As an Electric Literature intern, you are encouraged to become involved in any aspect of our work that interests you. You’ll contribute to editorial decisions, write for the site, and attend cool literary events.
Responsibilities:
- Comb the web and social media for breaking literary news
- Write daily news items for electricliterature.com
- Staff events (including our table at the Brooklyn Book Festival on September 17)
- Select images to pair with articles
- Format, copy edit, and draft articles
- Update contact databases
- Transcribe interviews
- Write and schedule social media posts
- Perform other administrative tasks
Skills:
- Personal experience using Medium, Tumblr, Twitter, Facebook, and Instagram — professional experience is a plus
- Excellent writing skills and a unique point of view
- Basic understanding of Photoshop and inDesign
- Firm grasp of grammar and spelling
- Organized and fastidious
The ideal candidate:
- Has an educational background in journalism, literature, or creative writing
- Has prior internship or entry-level job experience at another publishing, media, or non-profit organization
- Participates in the contemporary literary scene
- Regularly reads literary magazines and literary websites (including but not limited to Recommended Reading and electricliterature.com)
- Believes strongly in the Electric Literature mission: To expand the influence of literature in popular culture by fostering lively and innovative literary conversations and making exceptional writing accessible to new audiences
- Is hard-working, pays great attention to detail, and can work independently
- Writes clearly and with personality
- Has an eye for design and knows what images will grab reader’s attention
This is a part time internship.

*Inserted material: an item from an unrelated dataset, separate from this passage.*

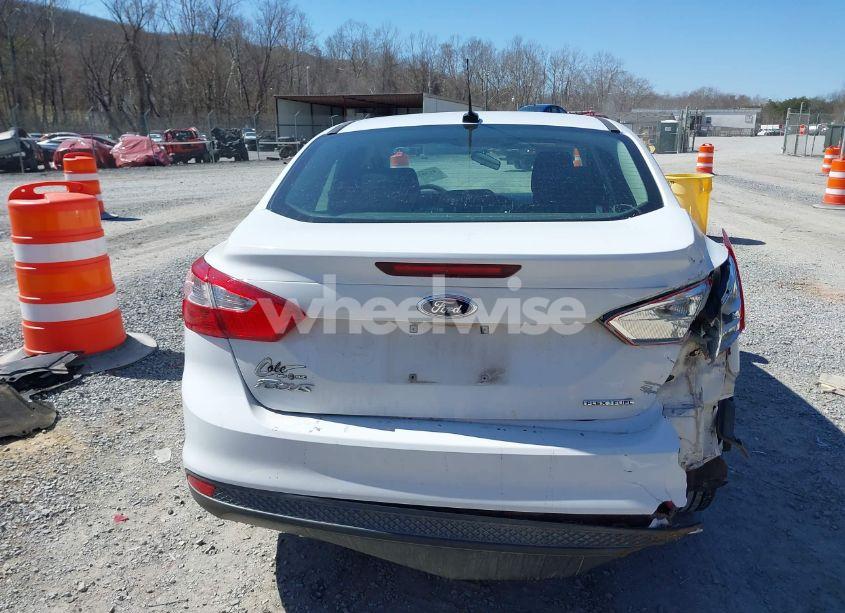 Photo 16 of 2013 Ford Focus S (VIN 1FADP3E26DL143666)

There is no stipend, but interns will be paid for pieces they contribute the site. Candidates must be able to come to our office in Downtown Brooklyn 2 days/week. We are happy to work with universities and MFA programs to provide course credit, though you do not need to be a student to apply. This four-month internship runs from September through December (exact dates are flexible, and there may be an opportunity to extend the internship into 2018).
To Apply
To apply, please send a the following to editors@electricliterature.com with the subject “INTERNSHIP APPLICATION: Your Name” by midnight on Sunday, August 20, 2017.
- A cover letter and resume
- A sample Scuttlebutt post, along the lines of “Readers are Superior Lovers” or “Steve Bannon’s Touchstone Book is a Xenophobic, Racist French Novel.” Choose a news story you think will be relevant and interesting to Electric Literature readers.
- Complete the social media test below. (Copy and paste into a new document.)
Electric Literature Social Media Test
- Create a shareable image for this quote: “Not everything that is faced can be changed, but nothing can be changed until it is faced.” — James Baldwin
- Electric Literature just announced the Bodega Project, with the support of the New York City Department of Public Affairs. Write a tweet sharing the news and linking to a source with more information.
- Create a Facebook post about this article: “11 Fictional Restaurants We Wish Existed.”
- Write a Facebook post and a Tweet about this article: “Literature Needs Angry Female Heroes.”
- Write a tweet and a Facebook post encouraging readers to become members of Electric Literature.
- Create an Instagram post and a tweet promoting Papercuts: A Party Game for the Rude and Well-Read.
- Write a link roundup of 5 articles not published on Electric Literature, with at least one sentence about each.